Laser ranging of the Moon is usually done with a Q-switched pulsed laser fed into a big (1 or 2 meter diameter) telescope as a collimator in order to get a tight beam all the way to the Moon in hopes of maximizing the amount of light returned by a small retroreflector array.

What beam shapes to these systems generate? Are they under-filling the aperture with a mostly Gaussian beam from a spatial filter resulting in a Gaussian profile at the Moon, or do they do some beam shaping to get most of the power to more uniformly illuminate the telescope's aperture, resulting in more of an Airy disk?

• Can't comment for all but the main LLR site currently is Apache Point Observatory Lunar Laser-ranging Operation described in this paper - Section 3.2.1 seems to be what you want. Feb 27 at 1:00
• @astrosnapper just what I needed, thank you!
– uhoh
Feb 27 at 3:02

## 1 Answer

Thanks to @astrosnapper's comment I've looked at section 3.2.1. of Murphy et al. 2007 APOLLO: the Apache Point Observatory Lunar Laser-ranging Operation: Instrument Description and First Detections.

APOLLO uses the Apache Point 3.5 meter telescope for both transmit and receive, a rotating transparent disk with a mirrored spot on it rotates 20 times per second for T/R switching.

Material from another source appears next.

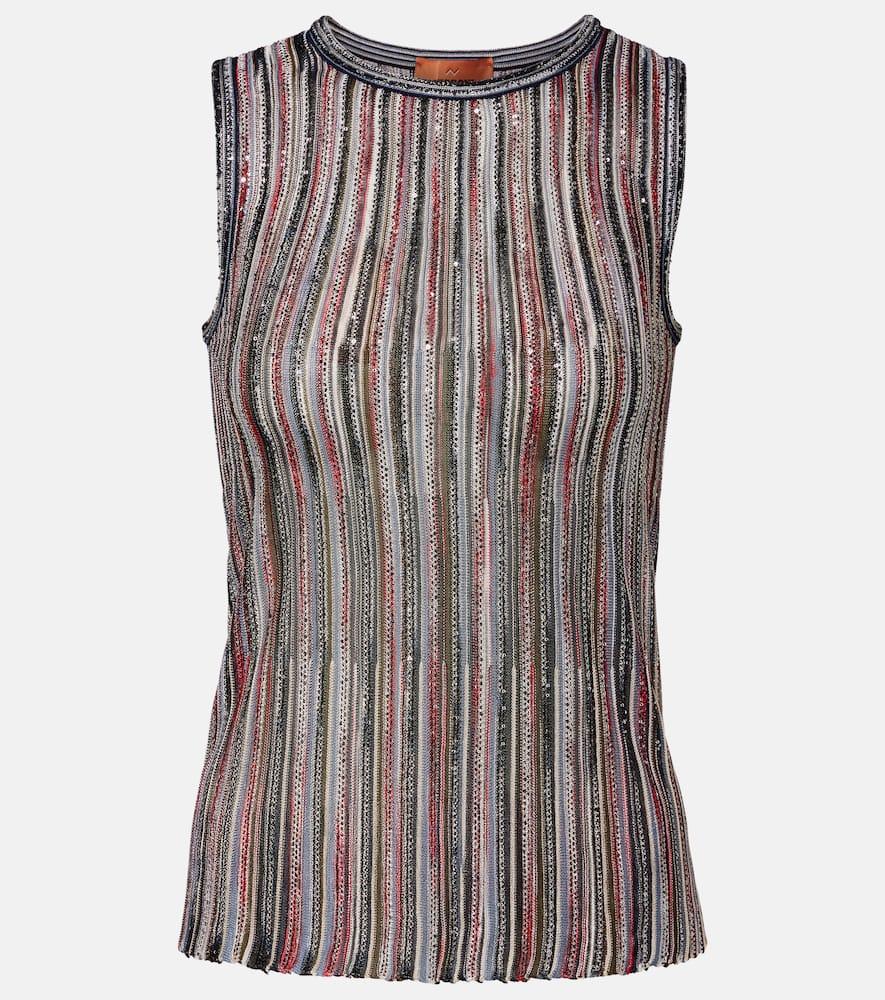 missoni sequined striped lamé top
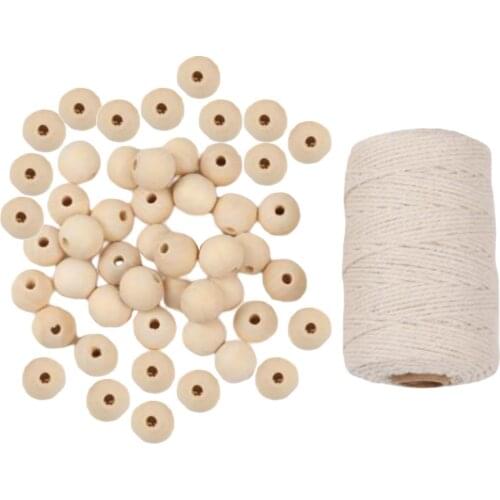 100 Unpainted Wood Beads W\/ Rope Loose Spacer Beads Jewelry Making Supplies Set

• Primary is 3.5 m diameter, f/10 at the Nasmyth ports ref
• 1.1 arcsecond median image quality near zenith
• 90 ps FWHM Nd:YAG laser operating at 20 Hz and 115 mJ/pulse
• photon return rates approaching one photon per pulse
• requisite number of photons for one-millimeter normal (ranging) points collected on few-minute timescales.
• best performance to date approx. 2500 return photons from the Apollo 15 array in a period of 8 minutes. Avg. return rate then about 0.25 photons per shot, peak of 0.6, Approx, half photons arrived in multi-photon bundles, largest containing eight photons.
• APOLLO brings LLR solidly into the multi-photon regime for the first time.

### Telescope specs

Uncorrected optical design
GENERAL LENS DATA:

Surfaces        :           5
Stop            :           1
System Aperture :Entrance Pupil Diameter
Ray aiming      : Off
Apodization     :Uniform, factor =     0.000000
Eff. Focal Len. :     35238.7
Total Track     :     7497.78
Image Space F/# :     10.3534
Working F/#     :     10.3519
Obj. Space N.A. : 1.7018e-007
Stop Radius     :      1701.8
Parax. Ima. Hgt.:     153.759
Parax. Mag.     :           0
Entr. Pup. Dia. :      3403.6
Entr. Pup. Pos. :           0
Exit Pupil Dia. :     839.339
Exit Pupil Pos. :    -8689.72
Maximum Field   :        0.25
Primary Wave    :    0.500000
Lens Units      : Millimeters
Angular Mag.    :     4.05509


From this I'll round to $$f=$$ 35,200 mm, f/no. = 10.35 which gives D=3.400 meters confirmed by the stop radius of 1702 mm and entrance pupil diameter of 3404 mm, and a central occlusion of about 1120 mm diameter as estimated from this technical drawing.

### Gaussian beam optics

From Wikipedia we can see how to evolve a Gaussian beam from a waist or any other point to any other point forward or backward.

However in this case it's overkill because Section 3.2.1 informs us that the $$1/e^2$$ diameter at 198 mm in front of the primary focus is 16mm and this is so much larger than the diameter at the spatial filter will be only a half-dozen microns or so (0.5 micron wavelength, f/10 telescope).

Thus we are in the far field and the angular shape of the beam is fixed.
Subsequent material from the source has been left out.